Scharfe Zungen betrachten die breite Verschreibung dieser Medikamente als Instrument zur Erhaltung der Funktionsfähigkeit unserer westlichen Gesellschaften. Würden all die empfundene Trauer und Zweifel ausgedrückt werden, könnte das System nicht weiter bestehen und müsste sich an menschliche Bedürfnisse anpassen. Das jetzige System kennt aber nur eine Richtung, nämlich schnelles Wachstum! Kein Platz für Entschleunigung und Sinnfragen, außer vielleicht um 23 Uhr auf ORF 2. Sonst soll das Leben Spaß machen!

"Up or out."

"Up or out" lautet das Credo in der Consulting-Szene. Entweder man steigt auf und macht mehr Umsatz als im Jahr zuvor, oder man fliegt aus dem Unternehmen.

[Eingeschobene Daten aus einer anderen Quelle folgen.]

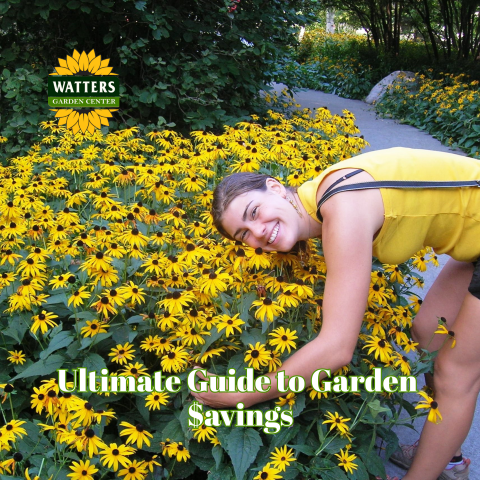 Ultimate Guide to Garden $avings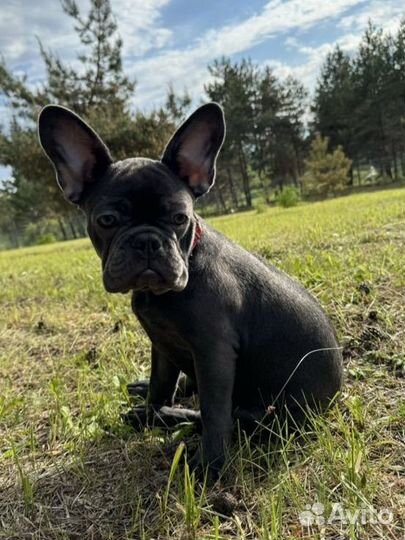 Французский бульдог щенок голубой изабелла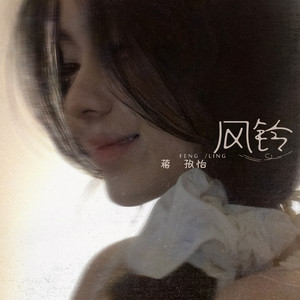 在哪个网上看毛片
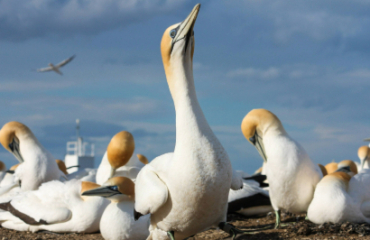Birds of the North Island Tour Image 5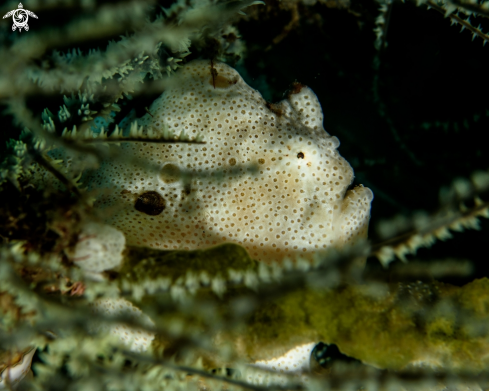 A Antennarius pictus | Painted frogfish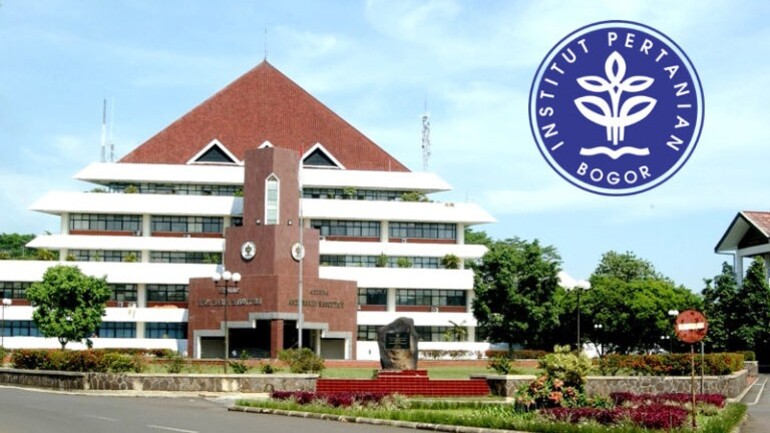 Passing Grade SNBT IPB Kunci Sukses Masuk IPB dengan Nilai Tinggi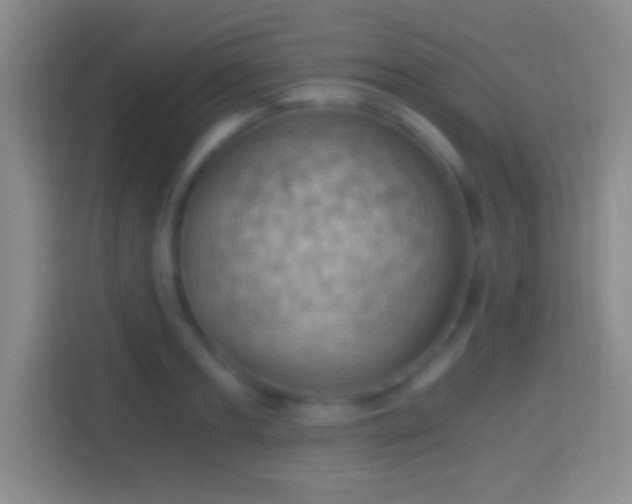 X0000114430893200910231231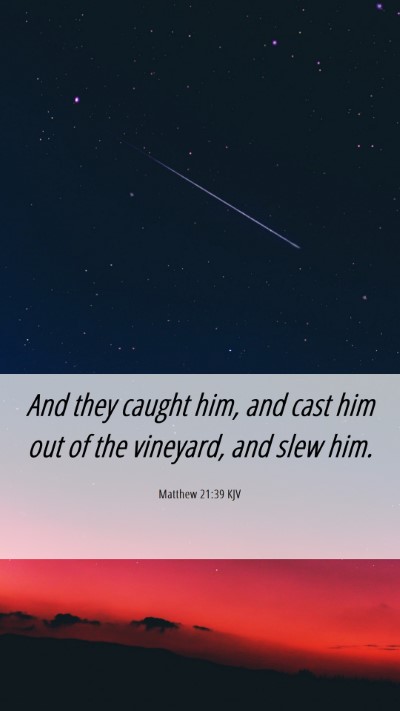 Picture 06 - Matthew 21:39 KJV Mobile Phone Wallpaper - And they caught him, and cast him out of the - Mobile Bible Verse Wallpaper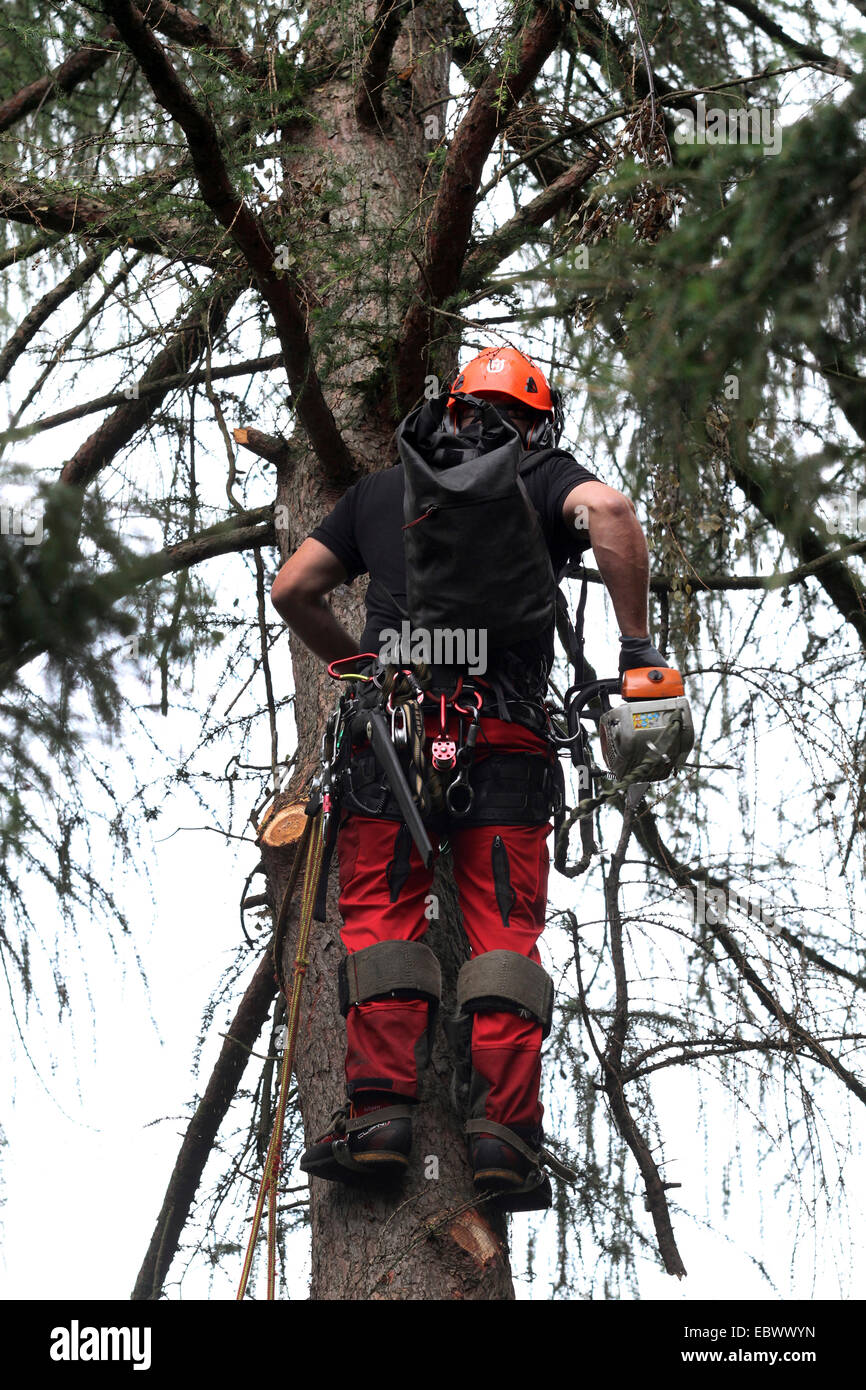 arborist in a larch, Germany Stock Photo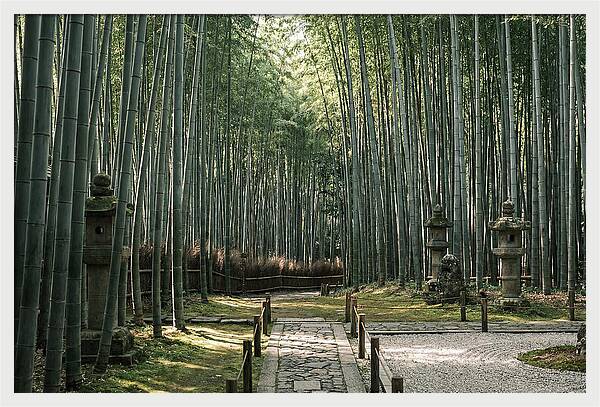 Serene Passage Through Bamboo Grove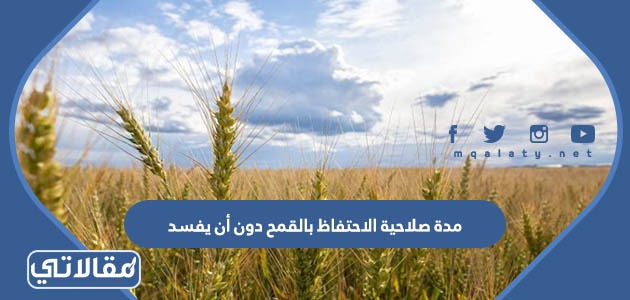 مدة صلاحية الاحتفاظ بالقمح دون أن يفسد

Dieser Spruch beschreibt auch die Funktionsweise von Staaten: Wachstum oder Niedergang. Nun braucht man nicht Wirtschaftsgelehrte/r zu sein, um zu verstehen, dass das mit dem Wachstum auf lange Frist nicht funktionieren kann, denn es gibt nur begrenzte Ressourcen, begrenzten Platz und auch begrenzte Bedürfnisse. Deswegen ist beispielsweise Bedürfnisweckung auch eine zentrale Aufgabe der Werbepsychologie. Dabei wird beabsichtigt, immer wieder neue Produkte an unsere wahren Bedürfnisse nach Geborgenheit, Zuneigung, Sexualität und Wertschätzung zu koppeln, um diese verkäuflich zu machen. Nimm dieses Deo und du wirst begehrt, schenke diese Schokolade und du erfährst Geborgenheit.

"Die Seele geht zu Fuß."

"Die Seele geht zu Fuß", besagt ein altes indianisches Sprichwort. Als die Ureinwohner Amerikas das erste Mal mit dem Flugzeug reisten, warteten sie am Ankunftsflughafen auf ihre Seele. In einer immer schneller werdenden Zivilisation haben wir unsere Seelen nicht nur weit hinter uns gelassen, sondern teils vergessen, dass es sie gibt. Doch sie melden sich zurück und holen uns ein - immer!
Dieses Zurücklassen unserer Seele erkennt man im übertragenen Sinne an unserem stetigen Drang voranzuschreiten und Zielen nachzueifern, ohne diese zu hinterfragen. Wer sich im Eiltempo vorwärts bewegt, ohne die Seele - oder nennen wir es weniger esoterisch sein Wesen - zu beachten, riskiert aus den Augen zu verlieren, ob sich der eingeschlagene Weg überhaupt noch gut anfühlt.  Ab einer gewissen zurückgelegten Strecke wollen wir nicht mehr hinterfragen, da einfach schon zu viel investiert, schon zu viel Weg zurückgelegt wurde.
Falsch! In jedem Moment habe ich die Möglichkeit, einen Wechsel in meinem Leben einzuleiten und jeder Meter, den ich früher die Richtung korrigiere, ist ein gewonnener!
Wäre es die Wahrheit, dass eine rein bereichernde Einstellung hohe Zufriedenheit zur Folge hätte, dann müssten doch die oft kritisierten erfolgreichen BankerInnen am glücklichsten sein. Doch gerechterweise ist dem bei Weitem nicht so. Sie funktionieren nach dem puren kapitalistischen Gedanken. Sie wollen immer mehr und mehr, Geld wird abstrahiert und damit von Moral entkoppelt. Gewissenlose Geschäftsmänner sind einfach die reich gewordenen Opfer dieses Systems. Sie betäuben sich mit Gier, Beschäftigung und Konsum bis sie verbrennen, die Seele außer Sicht- und Reichweite. Doch jede Betäubung geht zu Ende, im Burnout oder in der Depression, oder im Erkennen des Irrtums.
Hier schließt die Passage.